Study Design Overview
This was a secondary analysis of data collected prospectively from 640 subjects in 2 ACTG trials (370 and 398). We assumed that missing data were missing completely at random (MCAR)6 and only included the 464 subjects (2160 visits) with complete questionnaire data for all 5 items. This included 124 subjects from ACTG 370 (35 excluded) and 340 from ACTG 398 (141 excluded). We used principal component (PC) analysis to construct summary measures of adherence. Plasma HIV RNA level was used as the principal outcome variable for comparing the predictive validity of different combinations of adherence items. We also compared the predictive validity of questionnaire and medication event monitoring system (MEMS) data.

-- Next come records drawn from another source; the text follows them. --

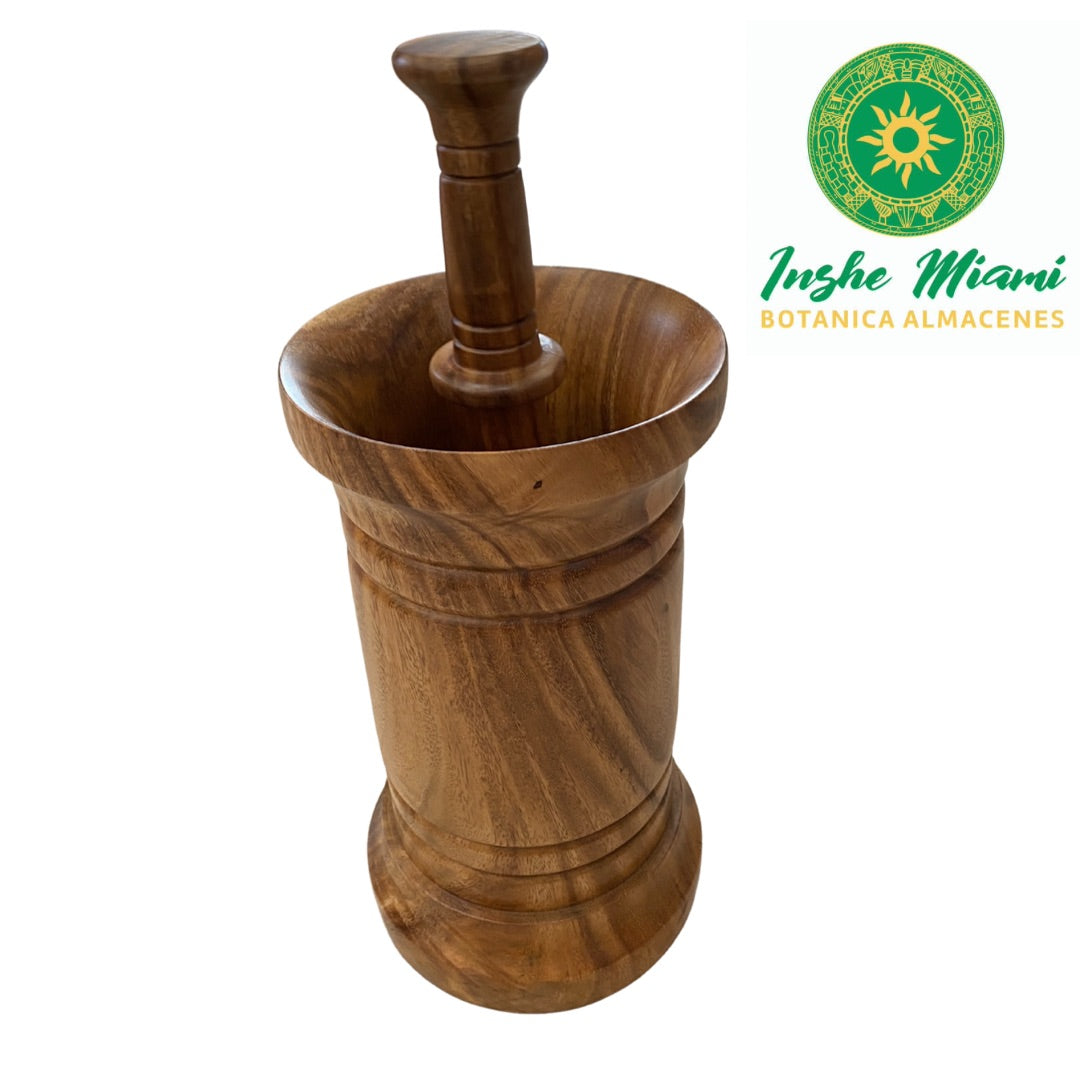 wooden mortar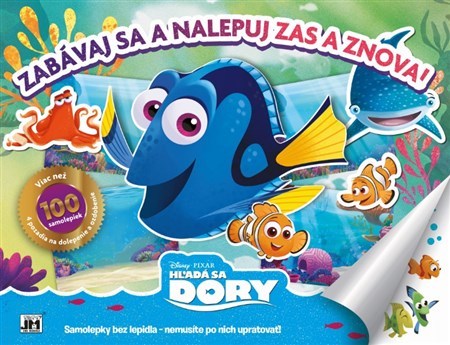 Obrázok Zabávaj sa a nalepuj zas a znova! Hľadá sa Dory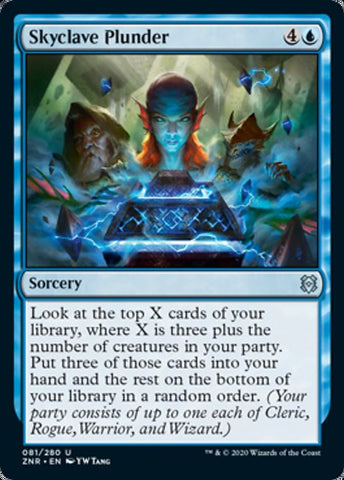Skyclave Plunder (Zendikar Rising) Near Mint Foil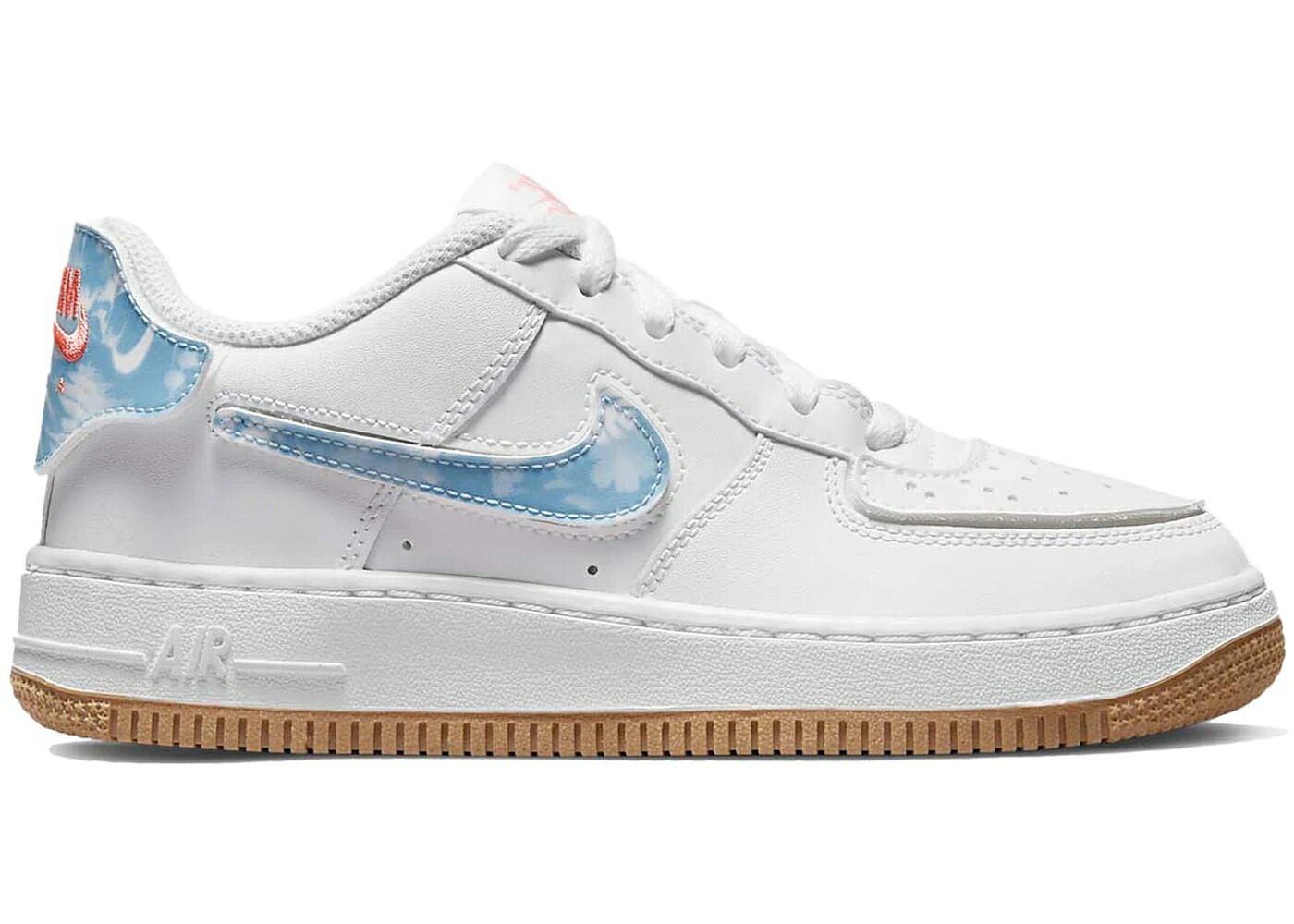 ナイキ 白いこと 白いこと 空軍 御坊っちゃん キッズ NIKE AIR FORCE 1/1 LOW WHITE BLEACHED CORAL GUM / WHITE BLEACHED CORAL ERASER もの言う花 マタニティ スニーカー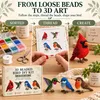 Set van 4 doe-het-zelf kralenfiguren – ANIBEAD, tuinvogels Productafbeelding-voorbeeld 5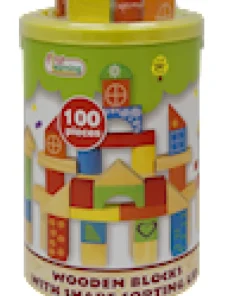 Blocs en bois 100 pièces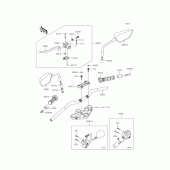 Схема вузла: Кермо для Kawasaki ER250 Z250
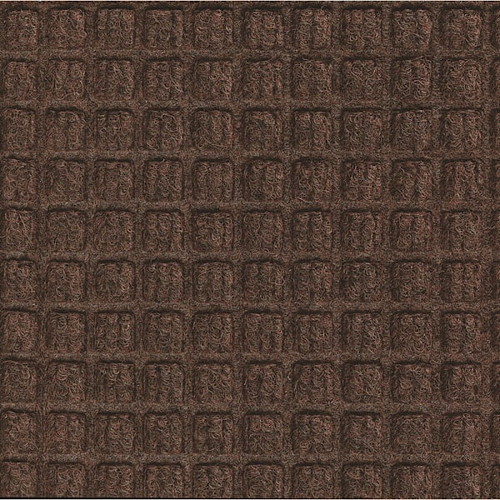 M+a Matting Waterhog Squares Fashion Mat Dark Brown 2'X3' Smooth Backing
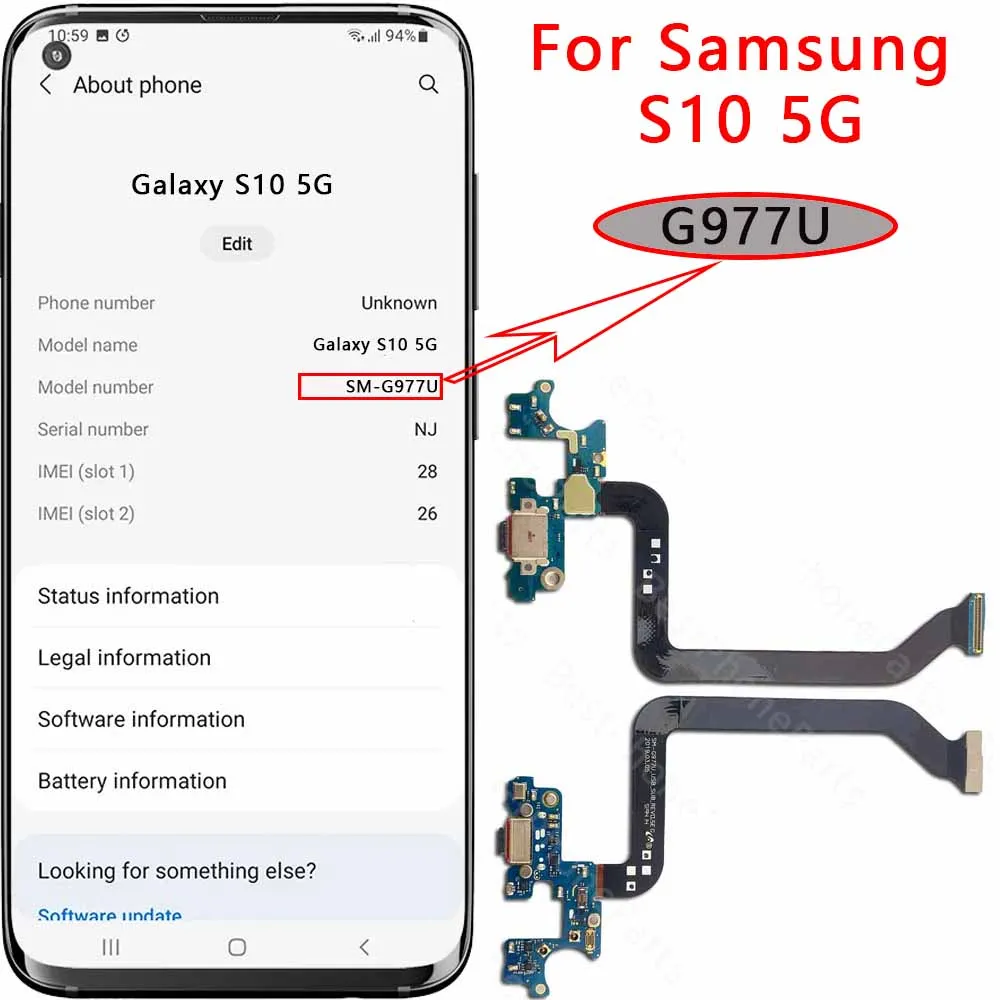 Premium Charging Port USB Charge Connector Board - High-Quality Replacement Flex Spare Parts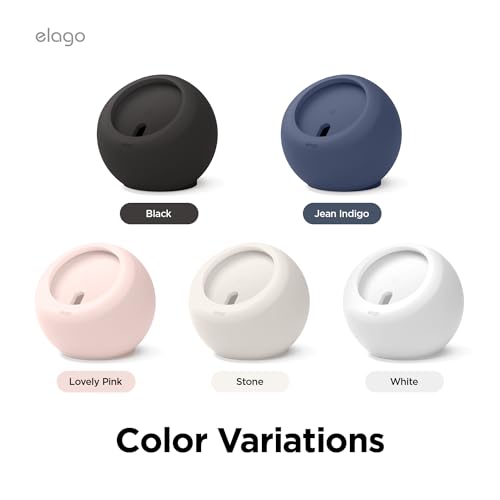 elago MS2 Charging Stand Compatible with MagSafe Charger - Premium Silicone, Compatible with iPhone 16/15/14/13/12 Series, Designed for MagSafe Stand [Black] [Charging Cable Not Included]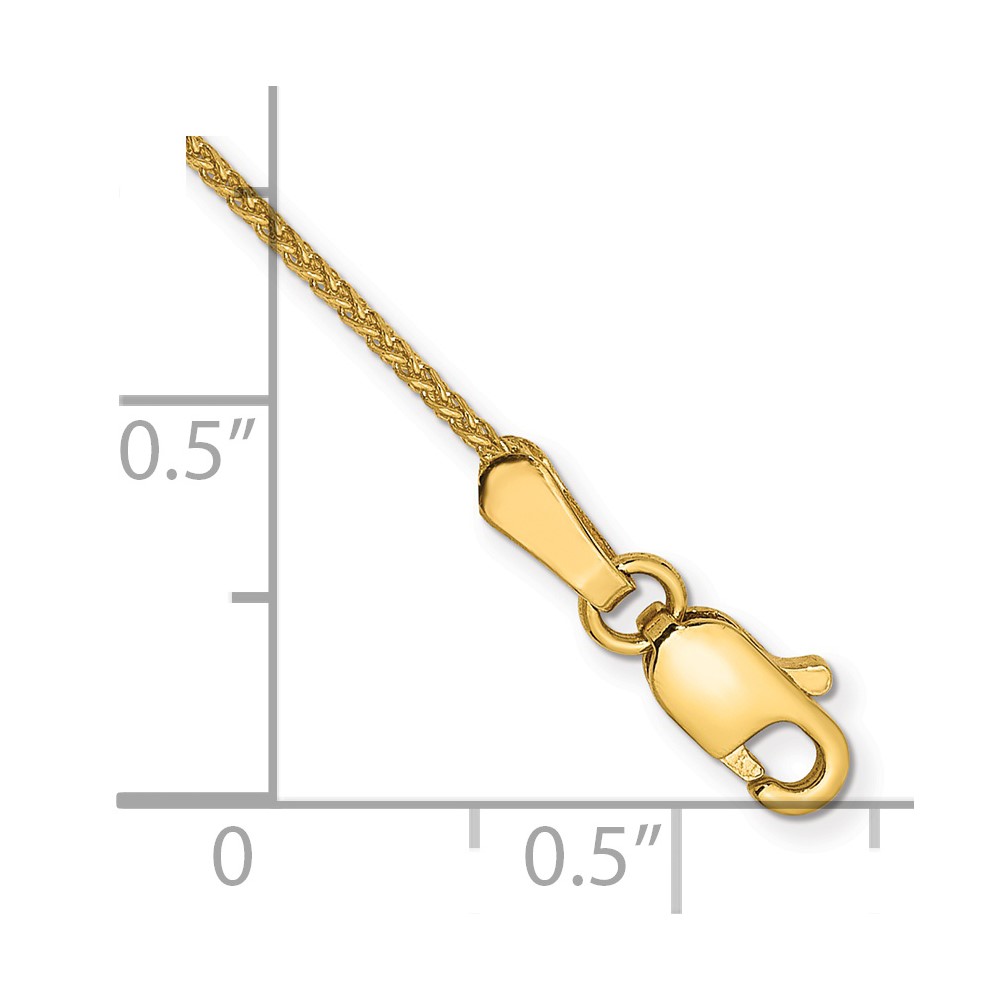 14K 6 inch 1.05mm Diamond-cut Spiga with Lobster Clasp Bracelet (PEN157-6)
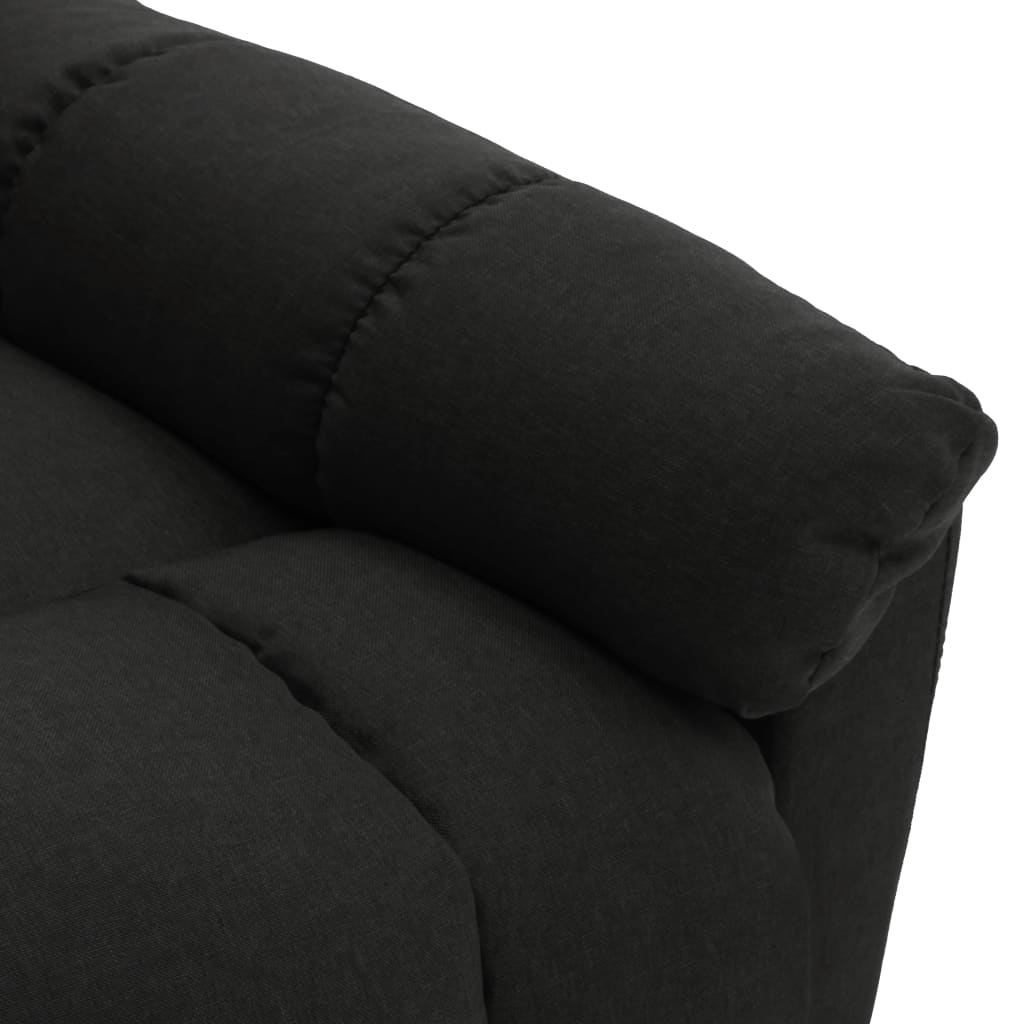 Massagestoel verstelbaar stof zwart is nu te koop bij PeponiXL, paradijselijk wonen!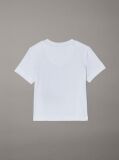 Λευκό Βρεφικό T-Shirt Με Λογότυπο  Βρεφικά
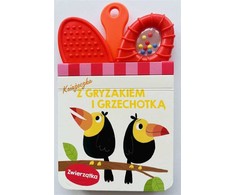 Sigikid Knygelė su kramtuku ir barškučiu. Gyvūnai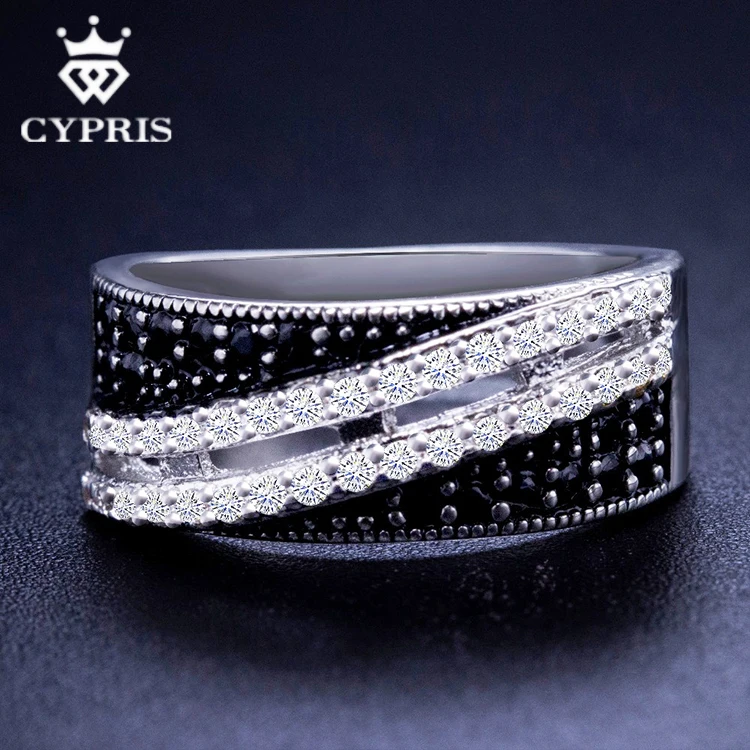 

NEW ARRIVAL COOL RING Silver color durable Plated white Gold exquisite Ring luxury women unisex lady gift cz ceramic hot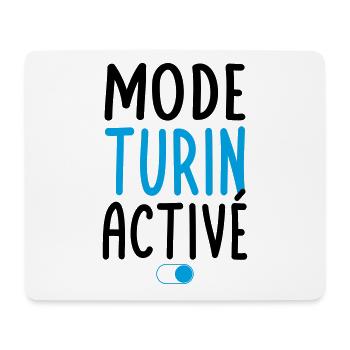 Mode Turin Activé - Idée Cadeau - Tapis de souris (format paysage) - blanc - Devant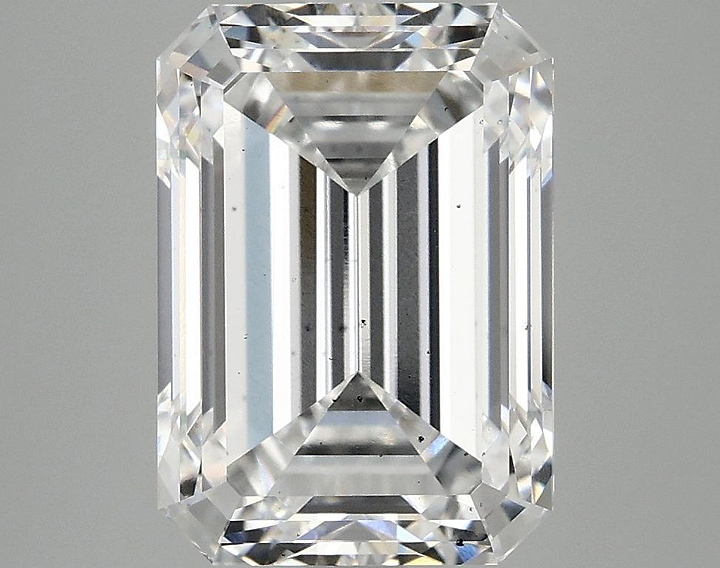 5.02 Carat Emerald Shaped Ideal Cut SI1 IGI Certified Lab Grown Diamond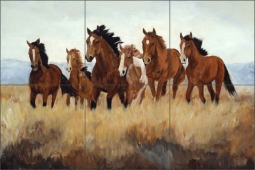 Beauty in Being Free by Kathy Winkler Ceramic Tile Mural - RW-KW001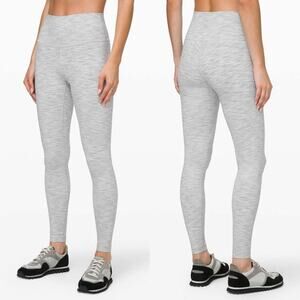 Lululemon Wunder Under High Rise Tight Full-On Luxtreme Leggings Grey Size 14
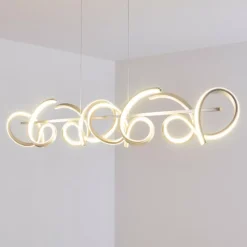 hofstein Suspension Lavaca LED Argenté, 4 lumières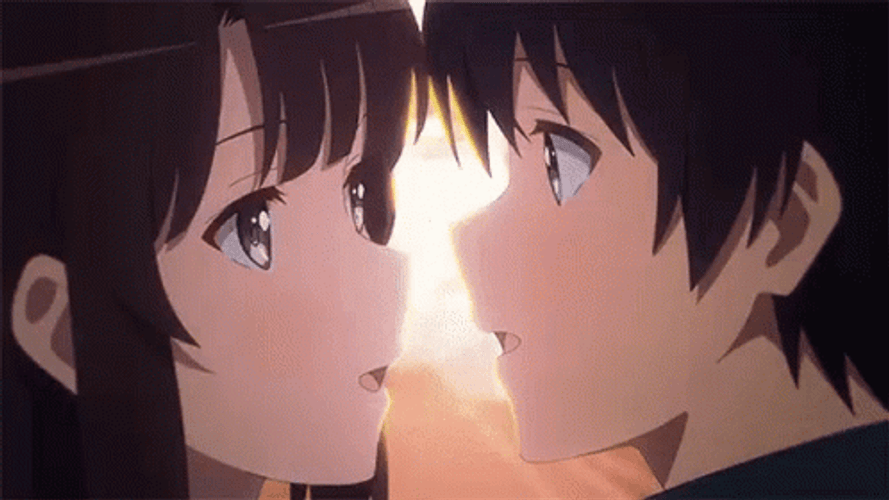 Besos Anime GIF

ACTG 3707 was a rollover study of 159 subjects who had taken lamivudine plus zidovudine, stavudine, or didanosine in ACTG 306. Participants with viral loads >500 copies/mL were randomized to stavudine + delavirdine + indinavir, to zidovudine + lamivudine + indinavir, or to zidovudine + delavirdine + indinavir.
ACTG 3988 was a randomized placebo-controlled trial of saquinavir, indinavir, or nelfinavir in combination with amprenavir (APV), abacavir, efavirenz (EFV), and adefovir in 481 subjects with protease inhibitor failure (plasma HIV RNA level >1000 copies/mL).
ACTG 370 and ACTG 398 obtained periodic measures of plasma HIV concentration and self-reported adherence with the ACTG Adherence Questionnaire. ACTG 398 also obtained an electronic measure of medication adherence for once-daily EFV and twice-daily APV using an electronic measure, MEMS (Aardex, LTD, Union City, CA). Methods used in these trials have been described previously.7,8
Self-reported adherence was assessed with the ACTG Adherence Questionnaire.2 The questionnaire queried the patient on the number of doses missed of a medication during each of the 4 days before a clinic visit (eg, “How many doses did you miss yesterday, the day before yesterday, 3 days ago, and 4 days ago?”). Because patients usually took >1 drug, the adherence ratio for each of the 4 days prior was calculated as 1 − (number of doses missed for the day/number of doses prescribed), as shown in Table 1 By using the adherence ratio, we took the numbers of different drugs and the number of pills/doses into consideration. In addition, other adherence behavior was assessed with 4 questions regarding adherence with the daily schedule (see Table 1):
“Most study medications need to be taken on a schedule… How closely did you follow your specific schedule over the last 4 days?”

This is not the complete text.